As we spend an increasing amount of time sitting down and staring at screens, it’s no wonder that many of us suffer from back pain caused by poor posture. Poor posture can lead to numerous health problems, from back and neck pain to headaches and fatigue. Fortunately, there are simple exercises that you can do to strengthen your core muscles and improve your posture. Here are seven exercises that can help you reduce back pain and improve your overall posture:

1. Standing hamstring stretch.

Start by standing with your feet shoulder-width apart. Raise one leg onto a bench or chair. Keep your knee straight and slowly lean forward until you feel the stretch in your hamstring. Hold the stretch for 15-30 seconds before switching sides.

2. Wall angel.

Stand with your back against a wall and your feet about six inches from the wall. Keep your arms bent at a 90-degree angle with your elbows at your sides. Slowly slide your arms up the wall until your arms are as straight as possible. Hold this position for five seconds before sliding your arms back down.

3. Glute bridge.

Lie on your back with your knees bent and your feet flat on the ground. Slowly raise your hips off the ground while squeezing your glutes. Hold the position for three seconds before lowering your hips back to the ground.

4. Plank.

Begin by getting into a push-up position with your forearms on the ground. Keep your body straight and hold this position for as long as possible. Start with 10 seconds and work your way up to one minute.

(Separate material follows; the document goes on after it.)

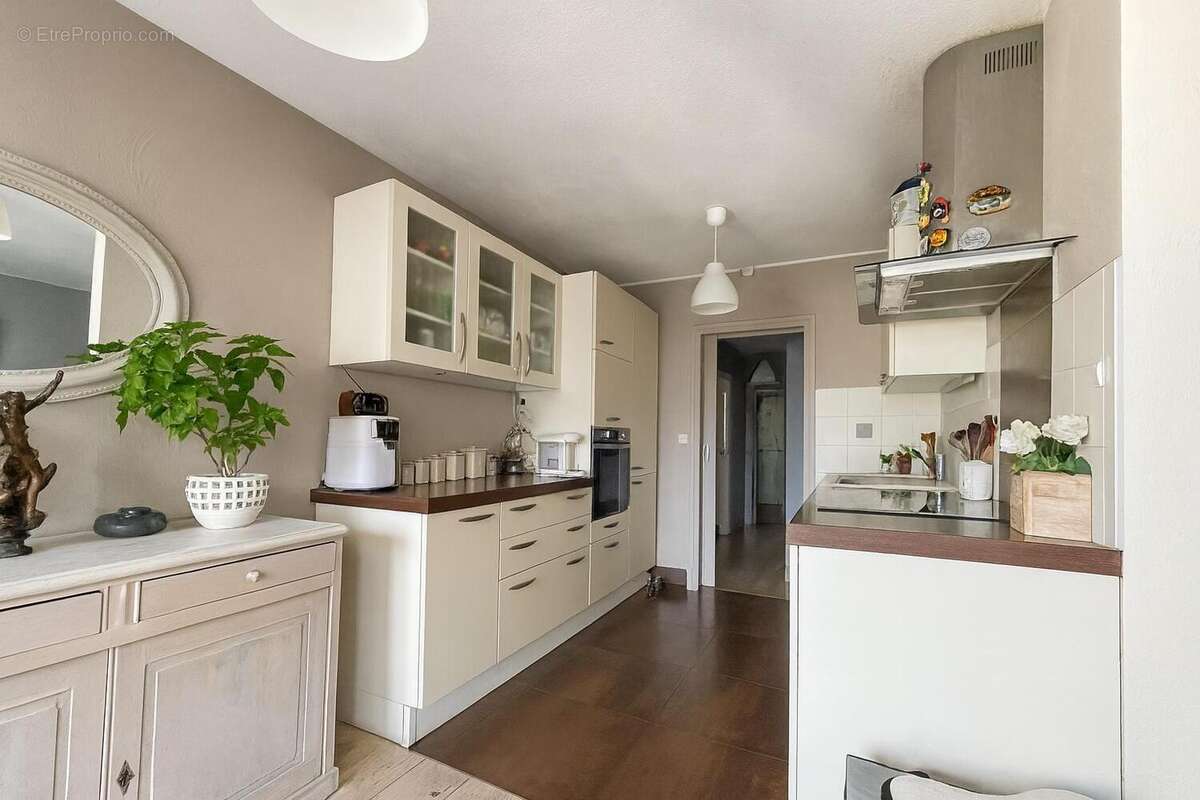Appartement 91 m² à Decines-Charpieu  - photo 3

5. Standing hip flexor stretch.

Stand with your feet hip-width apart. Take a large step back with your left foot and lunge forward with your right foot. Keep your back straight and your hips facing forward. Hold the stretch for 15-30 seconds before switching legs.

6. Thoracic spine rotation.

Sit on a chair with your feet flat on the ground. Place your hands behind your head and twist your upper body to the left. Hold the position for five seconds before twisting your upper body to the right.

7. Cat-cow stretch.

Start on all fours with your hands directly under your shoulders and your knees under your hips. Inhale and arch your back, lifting your head and tailbone towards the ceiling. Exhale and round your spine, dropping your head and tailbone towards the floor.

By incorporating these exercises into your daily routine, you can improve your posture and reduce back pain. Remember to listen to your body – if any exercise causes pain, stop immediately. With time and consistency, you’ll see improvement in your posture and reduce your chances of developing back pain.